Protocol Part One: extracting DNA
The first step in sequencing is DNA extraction (i.e., isolating DNA from biological material). I use a Zymo Quick-DNA Microprep Plus Kit, costing $132. It's 50 preps, so a little under $3 per prep. There are other kits out there, like NEB's Monarch, but these are harder to buy (requiring a P.O., or business address).
The Zymo kit takes "20 minutes" (it takes me about 40 minutes including setting up). It is very versatile: it can work with "cell culture, solid tissue, saliva, and any biological fluid sample". This prep is pretty easy to do, and all the reagents except Proteinase k are just stored at room temperature. They claim it can recover >50kb fragments, and anecdotally, this is the maximum length I have seen. That is far from the megabase-long "whale" reads some labs can achieve, but those preps are much more complex and time-consuming. Generally speaking, 10kb fragments are more than long enough for most use-cases.
Protocol Part Two: library prep
Library prep is the process of preparing the DNA for sequencing, for example by attaching the "motor protein" that ratchets the DNA through the pore one base at a time. The rapid library prep (RAD-004) is the simplest and quickest library prep method available, at $600 for 12 preps ($50 per prep).
Library prep is about as difficult as DNA extraction, and takes around 30 minutes. There are some very low volumes involved (down to 0.5µl, which is as low as my pipettes go), and you need two to use two water bath temperatures, but overall it's pretty straightforward.
The total time from acquiring a sample to beginning sequencing could be as little as 60-90 minutes. You do pay for this convenience in lower read lengths and lower throughput though.
The amount of data you can get from ONT/nanopore varies quite a lot. There is a fundamental difference between Illumina and nanopore in that nanopore is single-molecule sequencing. With nanopore, each read represents a single DNA molecule traversing the pore. With Illumina, a read is an aggegated signal from many DNA molecules (which contributes to the accuracy).
So, nanopore is really working with the raw material you put in. If there are contaminants, then they can jam up the pores. If there are mostly short DNA fragments in the sample, you will get mostly short reads. Over time, the pores degrade, so you won't get as much data from a months-old flow-cell as a new one.

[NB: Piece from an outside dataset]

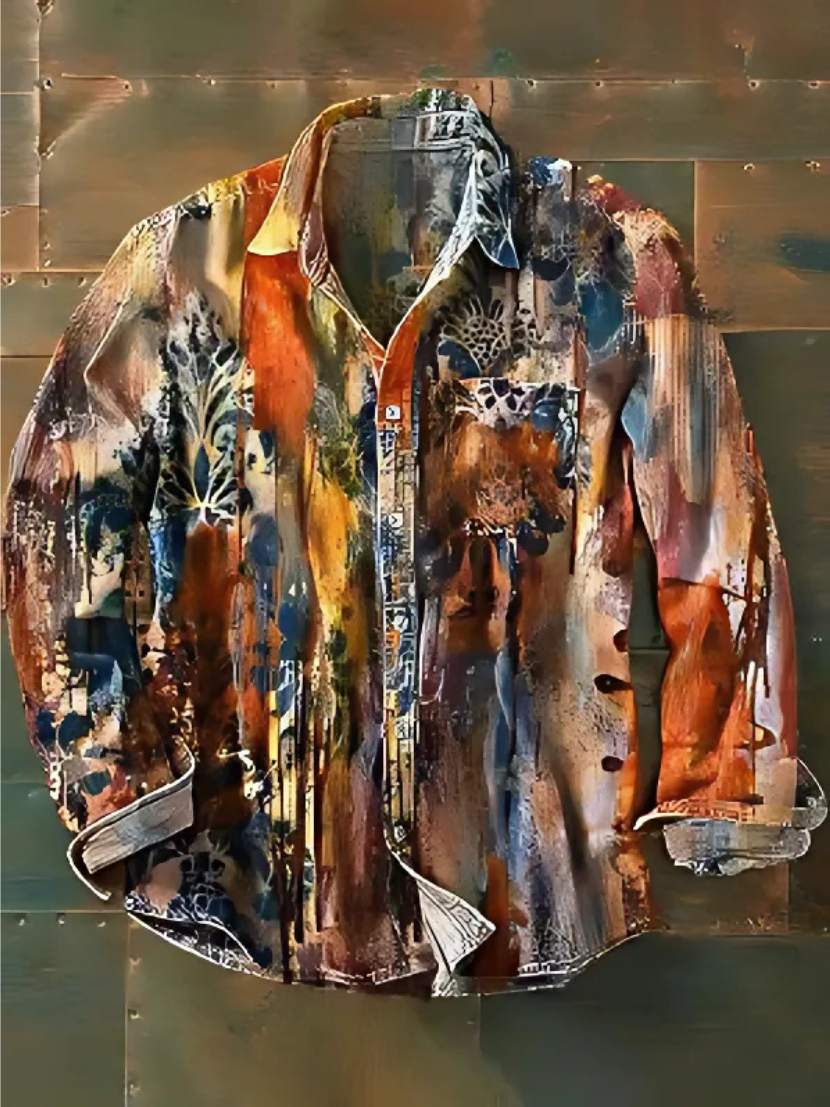 ENRICO | PATCHWORK SHIRT WITH PRACTICAL POCKET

Using the protocol above, I have been able to get around 100-200 megabases of data from one flongle ($1 per megabase!). There are probably a few factors contributing to this relatively low throughput: the rapid kit does not work as well as the more complex ligation kit; I don't do a lot of sequencing, so the protocol is certainly executed imperfectly; my flow-cells are not always fresh.
For a human sample, 100 megabases is less than a 0.1X genome, which raises the fair question of why you would want to do that? Today, the answer is mainly just because you can. You could definitely do some interesting ancestry analyses, but it would be difficult to validate without a reference database. gencove also has several good population-level use-cases for low-pass sequencing.
The next step up from a flongle is a full-size MinION flow-cell, which runs on the same equipment and uses the same protocol, but costs around $900, and in theory can produce up to 42 gigabases of sequence. This would be a "thousand dollar genome", though the accuracy is probably below what you would want for diagnosic purposes. In a year or two, I may be able to generate a diagnostic-quality human genome at home for around $1000, perhaps even a decent de novo assembly.